> _SOURCE DATA_:

--- START ---

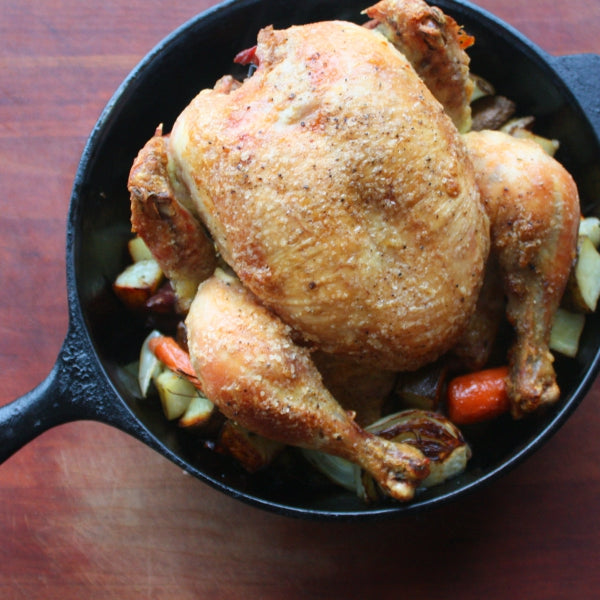 roasted whole chicken in cast iron pot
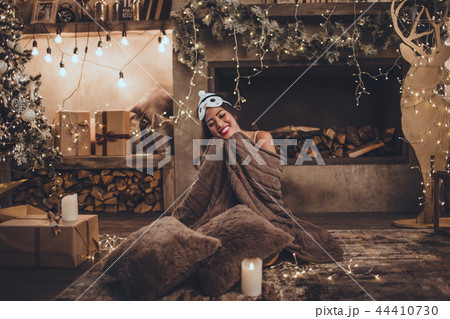 Beautiful asian woman is wearing sleeping mask and pajamas at home near christmas tree and fireplace Beautiful asian woman is wearing sleeping mask and pajamas at home near christmas tree and fireplace 44410730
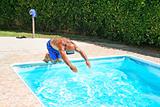 Man jumping to swimming pool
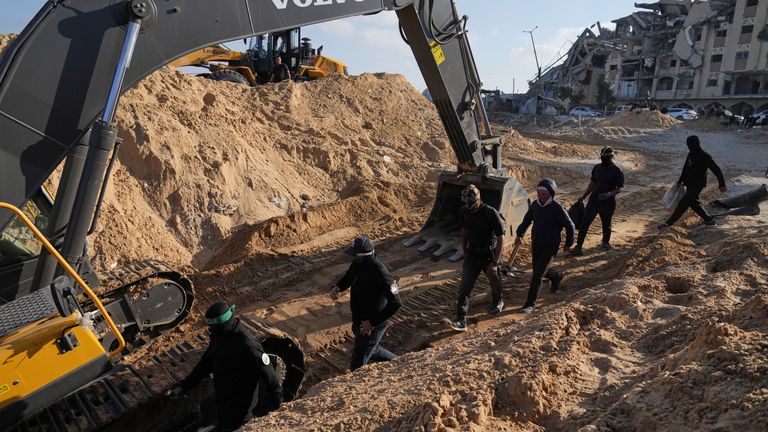 Hamas members and Egyptian workers search for the bodies of hostages in the southern Gaza Strip on Tuesday. Pic: AP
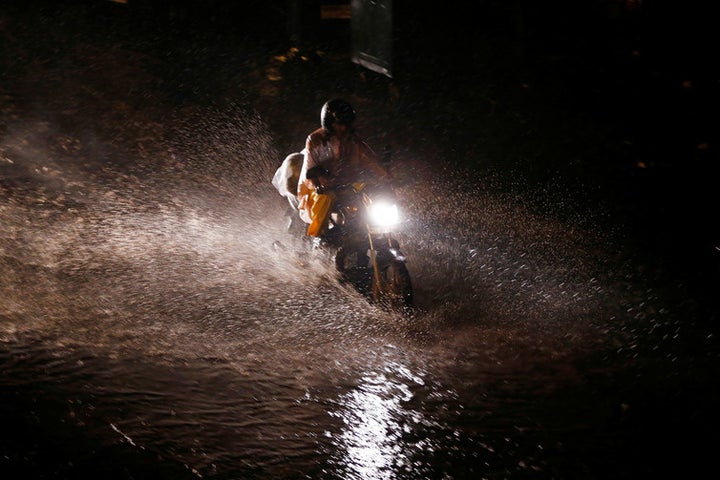  A waterlogged street in Delhi. How can a city with so much rain face water shortages? 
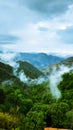 Clouds coming down over a beautiful valley Royalty Free Stock Photo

--- END ---

> _PROBLEM TO SOLVE_: Copy out the data above to the letter, and keep every picture out of it.

> _EXERCISE OUTPUT_:
 roasted whole chicken in cast iron pot
 Beautiful asian woman is wearing sleeping mask and pajamas at home near christmas tree and fireplace Beautiful asian woman is wearing sleeping mask and pajamas at home near christmas tree and fireplace 44410730
 Man jumping to swimming pool
 Hamas members and Egyptian workers search for the bodies of hostages in the southern Gaza Strip on Tuesday. Pic: AP
  A waterlogged street in Delhi. How can a city with so much rain face water shortages? 
 Clouds coming down over a beautiful valley Royalty Free Stock Photo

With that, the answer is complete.